Sample information

Found on my windowsill surrounded by leave debris.

Methods

We used a DNA extraction protocol based on the insect adaptation of New England Biolabs’ Monarch Spin gDNA Extraction Kit (Product # T3010).

The specimen was incubated for 30 minutes in a hot water bath at 56 degrees C.

Our first PCR reaction was set up on 10/14/2025 and was a duplex reaction because we used both the Arthropod CO1 and Wolbachia 16S primers together. We used an annealing temperature of 49 degrees Celsius. We used this Taq polymerase: New England Biolabs OneTaq Hot Start Quick Load 2X Master Mix with Standard Buffer (#M0488S)

Our first gel image was taken on 10/21/25 after our first PCR test and was run at 125 volts for 25 minutes. We used New England Biolabs 1 kb Plus DNA Ladder for Safe Staines (product # N0559S)

Our second second PCR reaction was set p on 10/28/25, used the same Taq polymerase as the first PCR reaction, and was a single reaction that used the Wolbachia F, R primers. We used an annealing temperature of 55 degrees Celsius.

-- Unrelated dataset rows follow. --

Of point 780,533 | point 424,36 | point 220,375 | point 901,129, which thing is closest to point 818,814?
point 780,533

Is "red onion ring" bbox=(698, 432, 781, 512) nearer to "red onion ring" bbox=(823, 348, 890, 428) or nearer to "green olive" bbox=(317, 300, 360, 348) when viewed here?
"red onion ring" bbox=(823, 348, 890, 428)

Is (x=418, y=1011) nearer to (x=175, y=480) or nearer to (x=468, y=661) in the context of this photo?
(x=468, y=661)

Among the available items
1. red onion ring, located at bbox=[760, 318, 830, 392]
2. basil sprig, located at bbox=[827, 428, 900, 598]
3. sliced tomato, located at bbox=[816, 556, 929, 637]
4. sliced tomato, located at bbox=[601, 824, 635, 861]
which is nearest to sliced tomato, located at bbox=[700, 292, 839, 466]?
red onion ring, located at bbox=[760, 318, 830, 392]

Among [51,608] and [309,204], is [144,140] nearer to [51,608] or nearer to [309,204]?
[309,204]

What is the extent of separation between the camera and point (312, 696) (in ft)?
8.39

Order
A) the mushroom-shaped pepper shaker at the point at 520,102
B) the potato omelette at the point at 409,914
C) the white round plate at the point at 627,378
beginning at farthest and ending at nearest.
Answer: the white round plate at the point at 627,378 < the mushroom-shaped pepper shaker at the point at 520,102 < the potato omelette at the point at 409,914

Our second gel image was taken on 11/4/25 after our first PCR and was run at 125 volts for 20-25 minutes.  We used this DNA Ladder: New England Biolabs 1 kb Plus DNA Ladder for Safe Stains (product # N0559S)

Results

After our first PCR test, my arthropod was negative for Wolbachia, because there was no band presented. Both of our positive controls showed two bands, however my arthropod did not present any band at all. This suggests our results from DNA extraction likely did not work.

On our second PCR test ran on 11/4/25, our results showed a gel image with bands at 438 base pairs on every column, except the water column. This suggests cross contamination, likely in the PCR cocktail. The -C control should additionally not be showing up at 438 base pairs. This shows that while our PCR test worked correctly, the results are inconclusive.